It’s amazing how little people realize that the ocean is a wilderness without any mercy. They set out in rinky-dink vessels to have some fun or adventure, then find machinery failing and them the subject of a slow and torturous death. The crew of Flor Maria is fortunate enough to be able to flag down a merchant. They haven’t even brought a radio and we discover them waving white flags, somewhere on the amorphous expanse of the Pacific Ocean. We slow down and try to drift along side, fully aware that at any time we might get a bazooka trained on us for our trouble.
“Does anyone speak Spanish?”
“Does anyone speak Spanish?”
“I speak,” says Ludin, popping up from the galley. He is a small man but he has a voice strong enough to cut steel.
“Ask them politely what their problem is.”
Ludin leans over the railing and thunders, “What you want? You evil Somali bastards!!”
“That wasn’t Spanish.”
“They understand,” says Ludin with a fatherly nod and heads back to the galley.

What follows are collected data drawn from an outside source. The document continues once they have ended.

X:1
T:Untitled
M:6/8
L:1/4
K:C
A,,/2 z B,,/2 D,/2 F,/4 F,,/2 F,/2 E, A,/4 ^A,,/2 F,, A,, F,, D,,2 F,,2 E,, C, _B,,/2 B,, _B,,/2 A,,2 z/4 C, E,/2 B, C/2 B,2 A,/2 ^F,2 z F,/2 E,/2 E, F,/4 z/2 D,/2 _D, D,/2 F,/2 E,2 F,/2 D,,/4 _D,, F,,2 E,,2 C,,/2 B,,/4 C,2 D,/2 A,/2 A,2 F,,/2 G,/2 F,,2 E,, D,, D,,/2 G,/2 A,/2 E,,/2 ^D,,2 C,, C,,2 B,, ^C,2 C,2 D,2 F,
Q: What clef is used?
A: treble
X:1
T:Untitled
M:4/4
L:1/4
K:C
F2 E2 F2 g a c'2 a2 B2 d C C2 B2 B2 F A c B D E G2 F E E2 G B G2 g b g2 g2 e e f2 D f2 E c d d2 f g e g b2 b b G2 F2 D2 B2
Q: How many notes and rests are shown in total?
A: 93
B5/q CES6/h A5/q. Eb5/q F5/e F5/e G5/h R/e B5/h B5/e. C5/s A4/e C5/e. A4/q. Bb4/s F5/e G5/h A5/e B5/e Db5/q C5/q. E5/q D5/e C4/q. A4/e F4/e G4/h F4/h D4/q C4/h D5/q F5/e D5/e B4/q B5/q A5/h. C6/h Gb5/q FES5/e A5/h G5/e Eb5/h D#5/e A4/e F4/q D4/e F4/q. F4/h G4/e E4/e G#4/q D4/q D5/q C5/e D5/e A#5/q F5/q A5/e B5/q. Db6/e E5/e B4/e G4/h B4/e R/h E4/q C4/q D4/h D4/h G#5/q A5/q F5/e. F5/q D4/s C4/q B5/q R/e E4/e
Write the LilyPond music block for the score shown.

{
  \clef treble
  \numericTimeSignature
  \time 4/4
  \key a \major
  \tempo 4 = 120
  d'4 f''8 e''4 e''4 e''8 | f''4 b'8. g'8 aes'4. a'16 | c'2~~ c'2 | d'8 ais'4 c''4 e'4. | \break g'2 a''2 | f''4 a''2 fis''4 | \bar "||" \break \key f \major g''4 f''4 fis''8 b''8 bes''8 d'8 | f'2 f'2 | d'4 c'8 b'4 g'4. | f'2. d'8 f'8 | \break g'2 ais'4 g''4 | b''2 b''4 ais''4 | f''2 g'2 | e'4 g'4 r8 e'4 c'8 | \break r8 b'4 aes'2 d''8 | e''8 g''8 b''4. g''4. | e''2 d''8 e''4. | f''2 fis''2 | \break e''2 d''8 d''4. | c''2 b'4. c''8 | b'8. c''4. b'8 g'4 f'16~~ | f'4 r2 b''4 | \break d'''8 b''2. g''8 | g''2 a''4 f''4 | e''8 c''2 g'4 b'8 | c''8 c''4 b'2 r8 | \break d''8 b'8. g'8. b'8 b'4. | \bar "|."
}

The crew of the Flor Maria set out on a fishing trip five days ago, lost their water tank and refrigeration. They haven’t eaten in two days and are still a long way from shore. We pitch a line, tie six-packs of Brazilian mineral water to it, and run them over. Bags with bread and fruit follow. Blessings and curses waft from our torrid decks. Then we disconnect and go our separate ways. Soon we are tiny specks on each other’s horizon. The world arches its back between us and spreads its final wilderness like an open hand that lets us go.